Where would you go if you wanted to decorate your office with world-class historic photographs featuring the industrial age, urban America, farm and wetland landscapes, or the faces of hardworking Americans building a great nation? Where can interior decorators find that perfect historical map of the Mid-Atlantic region in the perfect size for a client? Where do lovers of historic houses, trains and boats find copies of rare photos to complete their vintage collections? Where can a corporate CEO find the perfect holiday gifts for clients. Where would a 4th grade teacher go to buy a high quality, historic map of the Mid-Atlantic or New England regions for their classroom?
From now on, they’ll all be going to the same place – the new Fine Historic Reproductions service at the Delaware Historical Society. The Society is one of the oldest and most important sources of historic maps, photographs and broadsides in America, and now they’re making high quality, digitally mastered reproductions of their collections available in two basic sizes. But they can also customize those very same pieces to any size for interior decorators, home owners, developers and office designers.

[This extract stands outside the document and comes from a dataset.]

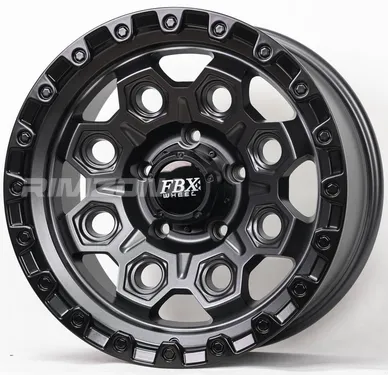 Литой диск FBX 5245 R17 9J 5x150 ET0 dia 110.1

In addition to extraordinary and colorful maps that date back to the 1700s, there are hundreds of black & white photos and historic, two- and three-color broadsides (check out the slide show on the side of this article) that will add color and content to any room, office or classroom. And you can see and purchase the entire 2010 collection online at www.dehistory.org. Or better yet, come to Hardcastle Gallery in Centreville, Delaware on September 9 or 10 from 5:30 to 8:00 to see all the maps, historic photos and broadsides for yourself – complete with wine and cheese to make the evening even more fun.
The Society is also offering limited original panels as well as high quality reproductions from the Beers Atlas of 1868 with detailed maps of all of the “hundreds” in Delaware as well as many towns and historic villages. A “hundred” is an old English Saxon land division which is smaller than a county or shire and larger than a tithing. The hundreds of Delaware originally served as judicial or legislative districts, but now they remain only as a basis for property tax assessment.
These maps are 140-year old panels removed from copies of original, bound 1868 Atlases. They are only available because the Society has acquired many more copies of the Atlas than it can reasonably accession into its collection. Therefore there are only a limited number of these original panels available.
The Delaware Historical Society is an American treasure. It provides access to the largest private collection of Delaware historical resources in the world. Each year, the Society reaches more than 150,000 people through its special programs, exhibitions, publications, and research services, and provides unique programs to more than 25,000 school-aged children, including National History Day in Delaware.
The Delaware Historical Society owns and operates the Delaware History Museum, a large museum store, a nationally recognized Research Library, Old Town Hall, several historic houses and a picturesque urban courtyard on their downtown Wilmington campus, as well as the Read House & Gardens in historic New Castle, recently recognized as an “American Treasure” by the National Trust and the National Park Service.